The result came when the House released its budget two weeks ago. The House Finance Committee approved reducing the monthly surcharge for landlines and wireless phones lines from $1 to 50 cents and putting the revenue into a restricted account. However it also maintains a separate surcharge of 50 cents for landlines and 75 cents for cell phones, called the Emergency Services and First Responder Surcharge. 
That portion will go into the General Fund and it means no reduction for consumers for the amount they are paying on their phone bills. The state collects nearly $18 million annually in surcharges
Robin Giacomini, who has been pushing for the change for more than a year said she was pleased by the change, which would “advance Rhode Island toward conformity with federal law.” Giacomini finally secured a meeting with the Speaker last month.
It is unclear whether the change will satisfy the Federal Communications Commission, which has threatened to withhold federal funding for 911 upgrades from states like Rhode Island that have diverted their 911 fees for other purposes.
Commissioner Michael O’Rielly in a statement, tells The Hummel Report: “It seems like a step in the right direction.  To the extent that this new plan fully remedies past abuses and guards against misappropriating 911 fees, that’s real progress.  However, I still need to understand how the separate public safety/first response fund is to be structured and administered to determine whether this new plan goes far enough in protecting 9-1-1 fees from diversion.”

A leading critic of staffing cuts last fall at Block Island State Airport, has a glowing review for the company brought in to bolster flight services as the busy summer season began.
Henry DuPont, a former town councilman and veteran pilot said the 68-year-old airport was compromised by the departure of two long-time employees at the end of September with no formal notification to local officials.
DuPont: “All we’re asking for is exactly what is being offered at the state’s other airports,” said Henry DuPont, a pilot and former town council member who has lived on the island and flown out of  its airport since the 1970s. “If we’re part of a state airport system, we should have the same services that are being offered at the other airports.”
Three weeks after our investigation in February revealed potential safety issues because of the staffing cutbacks, the Rhode Island Airport Corporation reached a deal to bring back services provided by a company that was assigned to the island last summer. 
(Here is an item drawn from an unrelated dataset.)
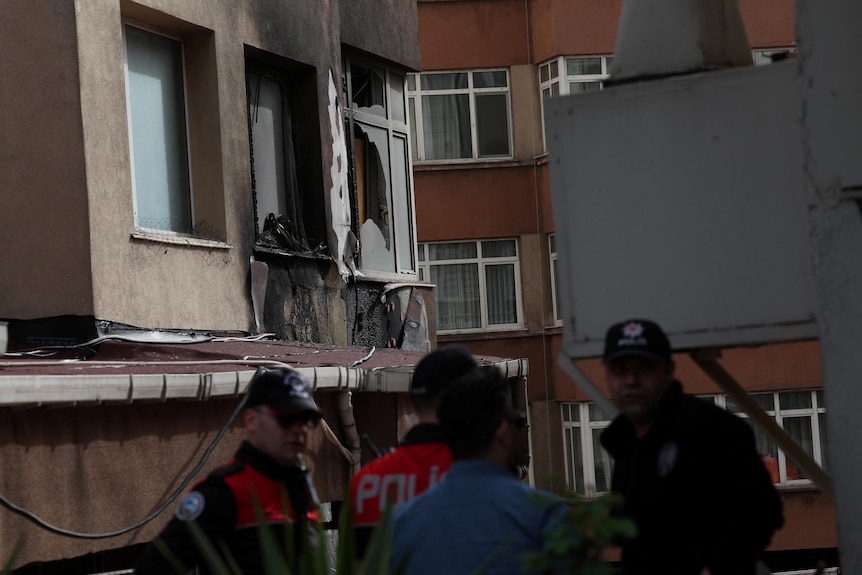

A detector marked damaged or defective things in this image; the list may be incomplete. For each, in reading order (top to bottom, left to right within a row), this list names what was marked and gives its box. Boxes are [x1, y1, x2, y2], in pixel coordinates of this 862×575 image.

DuPont called the service by FlightLevel Aviation “Fabulous, as good as it’s ever been,” adding that the facility is now staffed from 8 a.m. to 5 p.m., seven days a week. 
While DuPont is pleased with the day-to-day service, he has turned his attention to what he says are millions of dollars in cuts to for improvements on Block Island. He says the airport corporation had pledged $4.3 million for several years to go toward a ramp expansion program, but never funded it and has now dropped it from next year’s budget.
He is working with the town and state legislative delegation to get the funding restored.